Omni-WorldBench：迈向面向世界模型的综合交互中心评估框架

摘要

基于视频的世界模型主要沿着两大范式发展：视频生成与三维重建。然而，现有评估基准要么局限于生成模型的视觉保真度和文本-视频对齐能力，要么依赖静态三维重建指标，本质上忽略了时序动态特性。我们认为世界建模的未来在于四维生成——即对空间结构和时序演化的联合建模。该范式的核心能力在于交互响应：即准确反映交互行为如何驱动时空状态转换的能力。但现有基准尚未系统评估这一关键维度。为填补这一空白，我们提出Omni-WorldBench，这是一个专门用于评估四维场景下世界模型交互响应能力的综合基准。该基准包含两大核心组件：Omni-WorldSuite——涵盖多层级交互类型与场景类别的系统性提示词集；以及Omni-Metrics——基于智能体的评估框架，通过量化交互行为对最终结果和中间状态演化轨迹的因果影响，来衡量世界建模能力。我们对18个代表性世界模型进行了多范式广泛评估，分析揭示了当前模型在交互响应方面的关键局限，为未来研究提供了可操作的见解。Omni-WorldBench将公开发布以推动交互式四维世界建模的发展。

English

Video--based world models have emerged along two dominant paradigms: video generation and 3D reconstruction.

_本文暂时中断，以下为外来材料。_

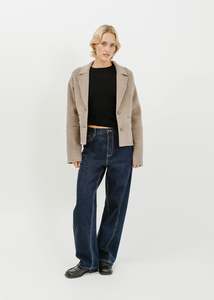 New Arrivals: Granger Coat / Taupe Marle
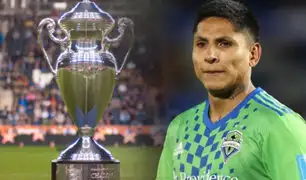 Con Raúl Ruidíaz en la cancha el Seattle Sounders quedó eliminado de la US Open Cup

However, existing evaluation benchmarks either focus narrowly on visual fidelity and text--video alignment for generative models, or rely on static 3D reconstruction metrics that fundamentally neglect temporal dynamics. We argue that the future of world modeling lies in 4D generation, which jointly models spatial structure and temporal evolution. In this paradigm, the core capability is interactive response: the ability to faithfully reflect how interaction actions drive state transitions across space and time. Yet no existing benchmark systematically evaluates this critical dimension. To address this gap, we propose Omni--WorldBench, a comprehensive benchmark specifically designed to evaluate the interactive response capabilities of world models in 4D settings. Omni--WorldBench comprises two key components: Omni--WorldSuite, a systematic prompt suite spanning diverse interaction levels and scene types; and Omni--Metrics, an agent-based evaluation framework that quantifies world modeling capabilities by measuring the causal impact of interaction actions on both final outcomes and intermediate state evolution trajectories. We conduct extensive evaluations of 18 representative world models across multiple paradigms. Our analysis reveals critical limitations of current world models in interactive response, providing actionable insights for future research. Omni-WorldBench will be publicly released to foster progress in interactive 4D world modeling.